Changing Incidence and Survival for Heart Failure in a Well-Defined Older Population, 1970–1974 and 1990–1994
Background— An epidemic increase in heart failure (HF) mortality, hospitalization, and prevalence rates has been observed among older persons in recent years. It is unclear whether this reflects an increase in incidence or survival.
Methods and Results— We conducted a retrospective cohort study comparing HF in 1970 to 1974 and 1990 to 1994 among persons ≥65 years old belonging to a large, well-defined population with complete medical records available for research. Using Framingham clinical criteria, we identified incident cases of HF in the respective periods. Age-specific and age-adjusted incidence, mortality, and survival rates were compared. Cox proportional-hazards models were used to assess association of comorbidities and medications with survival. During 38 800 and 127 419 person-years for 1970 to 1974 and 1990 to 1994, respectively, 387 and 1555 confirmed incident cases were identified. When adjusted for age, incidence increased by 14% (95% CI 2% to 28%). Increased incidence tended to be greater for older persons and for men. Based on 5-year follow-up and adjustment for age and comorbidities, the mortality hazards decreased 33% (95% CI 14% to 48%) among men and 24% (95% CI −1% to 43%) among women.

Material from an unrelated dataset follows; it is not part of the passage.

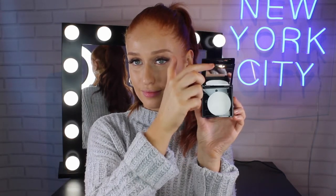Now to set all that hard work in place I'm going in with the Maybelline Fit Me Matte and Poreless Press Powder. This one's in the shade 130 Buff Beige and I just like to press that into my skin. I don't swipe because I don't want to disturb the foundation underneath.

Conclusions— The epidemic increase in HF among the older population between the 1970s and 1990s is associated with increased incidence and improved survival, with both of these effects being greater in men.
Received July 13, 2004; revision received November 15, 2005; accepted December 2, 2005.
Between the 1970s and early 1990s, heart failure (HF) mortality, hospitalization, and prevalence rates all increased dramatically in the United States.1 This “new epidemic” of HF occurred simultaneously with dramatic declines in coronary artery and cerebrovascular disease mortality.2–4 Importantly, increases in HF mortality and morbidity rates were confined to the population over 65 years of age, who account for more than 80% of deaths and prevalent cases.5 Similar trends have been reported in Europe.6
Several alternative explanations may account for the observed increase in HF, including population aging, changing diagnostic criteria, increasing incidence of HF, or increasing survival among incident cases treated with medications that reduce HF mortality.7–9 To gain insight into these competing explanations, a Special Emphasis Panel on “Cardiovascular Disease Community Surveillance,” convened in 1996 by the National Heart, Lung, and Blood Institute, identified the need for population studies of clinical data sets that could accurately ascertain, confirm, and follow up all incident HF cases over the period that the national increases were observed.10
The present study was conducted on a large, well-defined, older population in the state of Oregon, where increases in HF mortality and hospitalization rates parallel the national pattern.11 We specifically sought evidence for increased incidence and/or survival between the 1970s and 1990s while controlling for population aging and diagnostic criteria.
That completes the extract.